What to do — After locating the line containing "BMW 135i 3 of 30" in the entries below, please write out that line and the rest through the end exactly. Omit pictures.

Listed records —
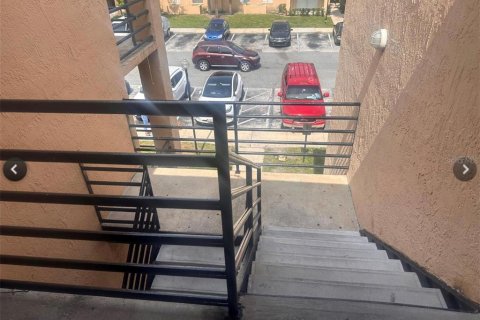 Condominio en alquiler en Orlando, Florida, 2 dormitorios, 86.77 m2 № 2117938 - foto 5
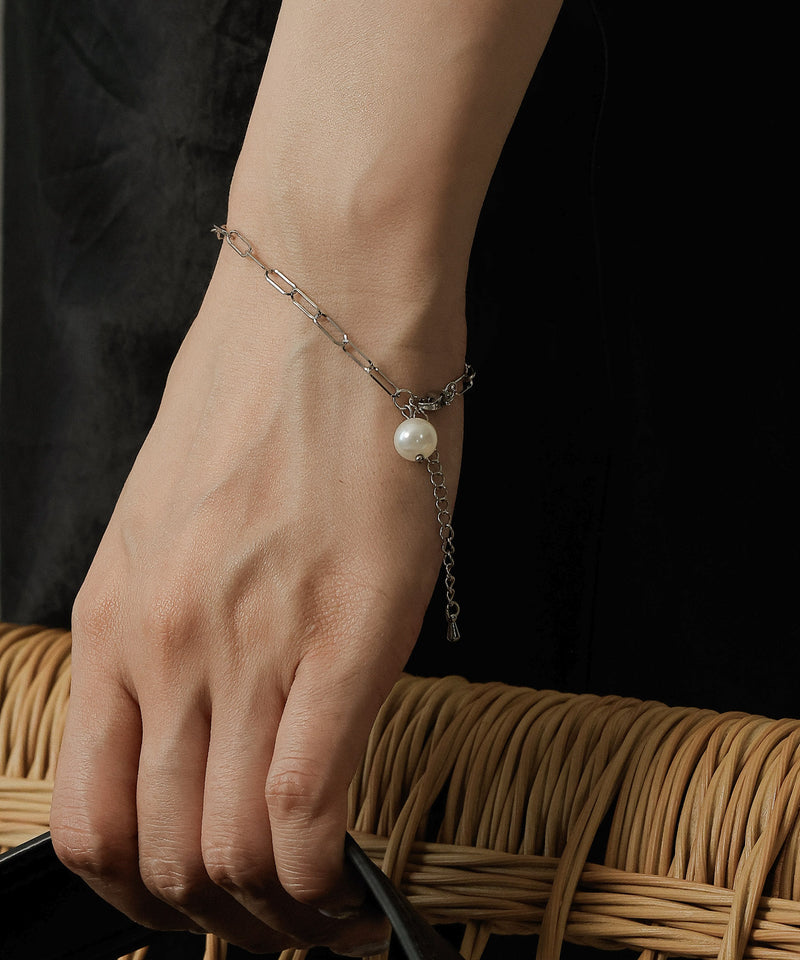 金属アレルギーを起こしにくいサージカルステンレス素材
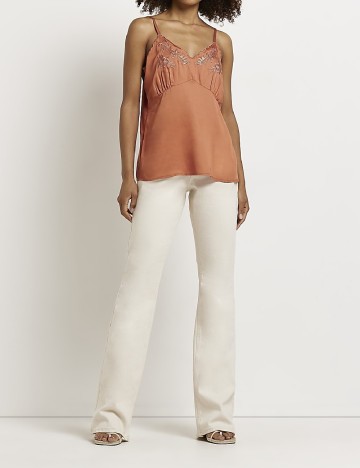 Maiou River Island, caramiziu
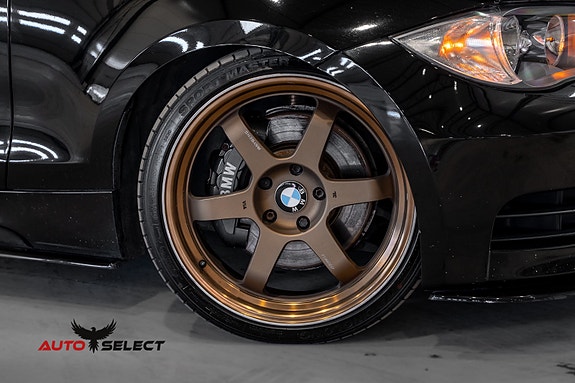 BMW 135i 3 of 30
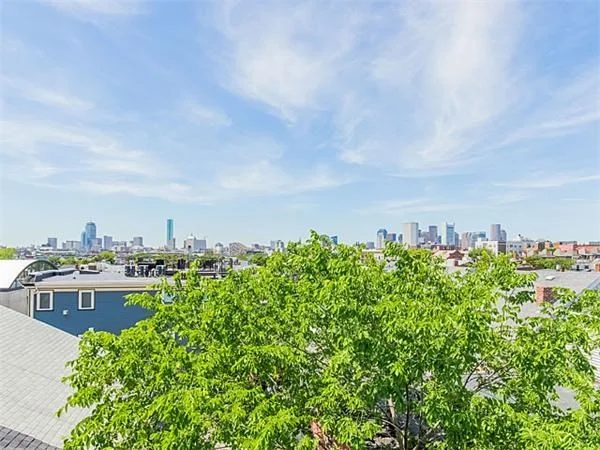 3 bed, 1 bath apartment for rent at 288 Bowen Unit 2, South Boston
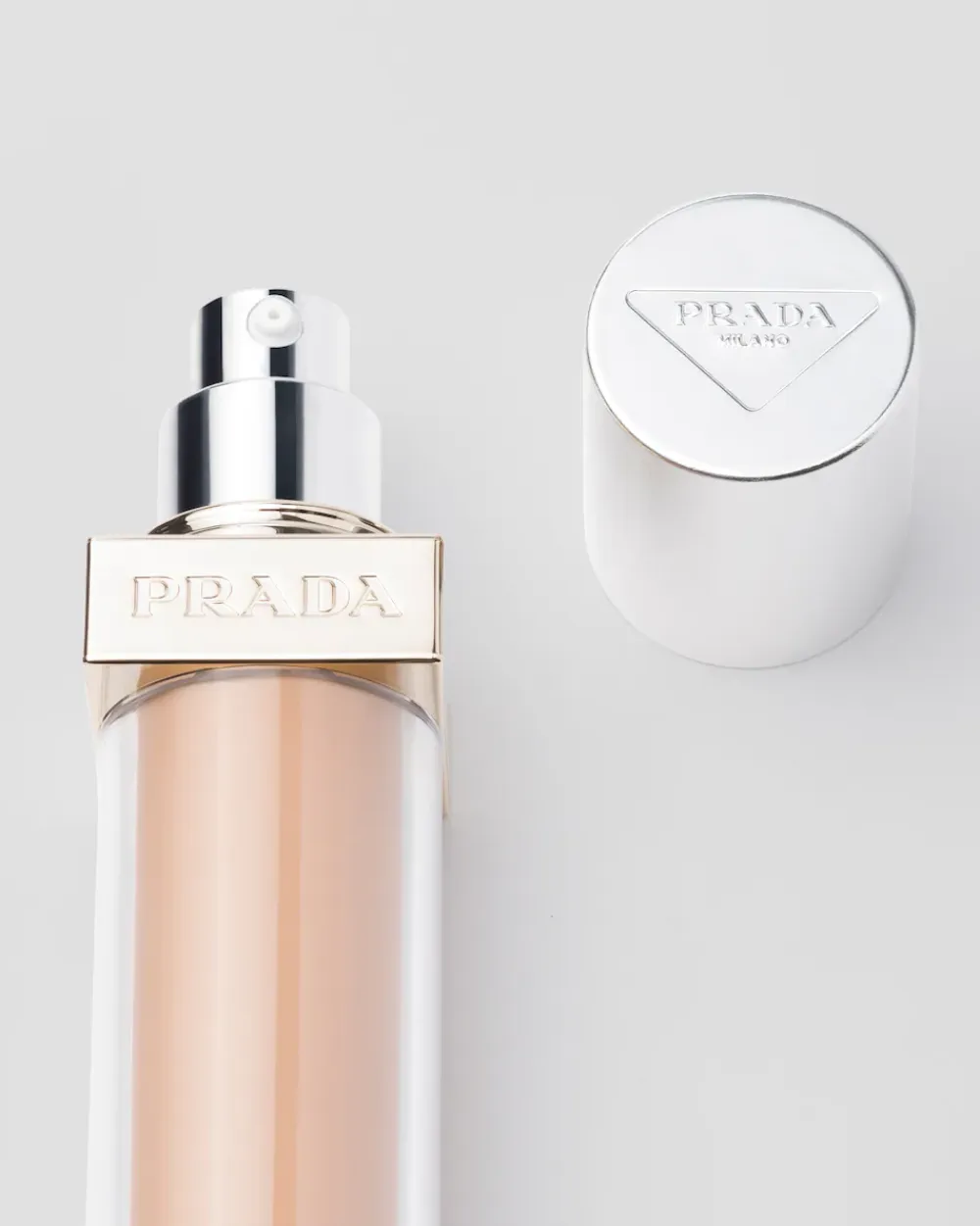 Prada ROSTRO^ Reveal Skin Optimizing Foundation - Mn40 - Medium Neutral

Answer box —
 BMW 135i 3 of 30
 3 bed, 1 bath apartment for rent at 288 Bowen Unit 2, South Boston
 Prada ROSTRO^ Reveal Skin Optimizing Foundation - Mn40 - Medium Neutral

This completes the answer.